Ao Campo Grande News, ela detalhou que antes da discussão, explicou as ações policiais da “Black Cat”, quarta fase da Operação Omertà e ofereceu os dados levantados pelas equipes da força-tarefa para outra operação contra o jogo do bicho, a “Deu Zebra”, que já teve cinco fases na Capital com intuito de coibir o mercado de apostas.
Segundo Kades, o desentendimento começou quando ela se negou a falar nomes dos responsáveis pelo esquema de jogos no Estado. “Foi determinado que eu dissesse e eu disse que não diria, porque tem procedimentos em andamento pela força-tarefa, e que eu não poderia revelar, até pela autonomia do delegado de polícia. É uma prerrogativa de delegado de polícia não revelar questões que envolvam diligência ainda em andamento, que está ainda sobre a sua investigação”.

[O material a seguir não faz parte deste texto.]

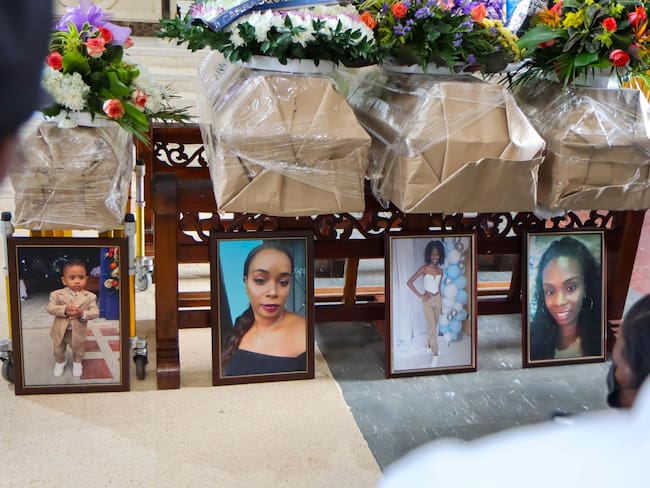 Funeral en honor a las víctimas de derrumbe en vía Quibdó - Medellín | Foto: Gobernación del Chocó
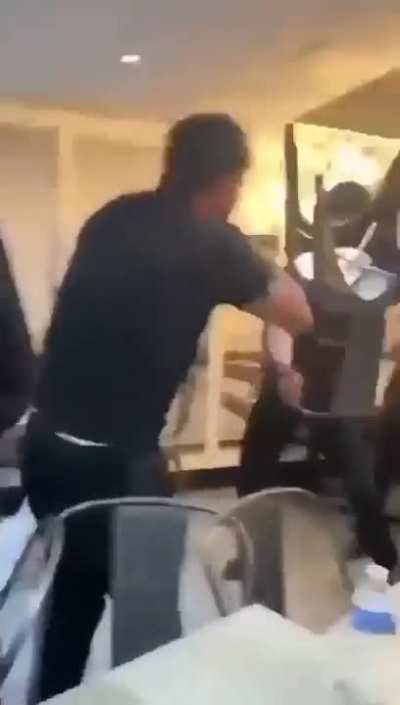 Afgans and Pakistanis fight at an Indian restaurant in UK
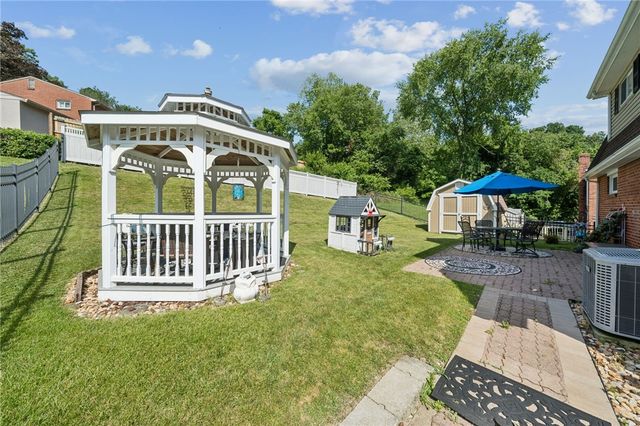 803 Killarney Drive, Castle Shannon, PA 15234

Kades afirmou que todas as informações da operação já são reportadas frequentemente ao delegado-geral e aos responsáveis pelo Departamento de Inteligência Policial, por isso, já sabiam a atual situação das apurações.
“Até para não gerar mais problemas, até mesmo constrangimento desses diretores e do próprio delegado-geral, eu não disse que aquelas informações eram do conhecimento daquelas pessoas e do próprio delegado-geral, eu só disse que não reportaria porque eu não teria confiança na polícia, até mesmo pelos fatos que foram levantados e pelas pessoas que foram presas, investigadas ao longo de todos os eventos feitos pela força-tarefa”.
Depois do fato, no entanto, a delegada afirma ter enfrentado “repressão” por parte do chefe. “Não teve sindicância, foi direto processo administrativo. Agora, vamos trabalhar na nossa defesa”, detalhou.
O outro lado – A reportagem também procurou o delegado-geral Adriano Garcia, por meio da assessoria de imprensa da Polícia Civil, e aguarda resposta.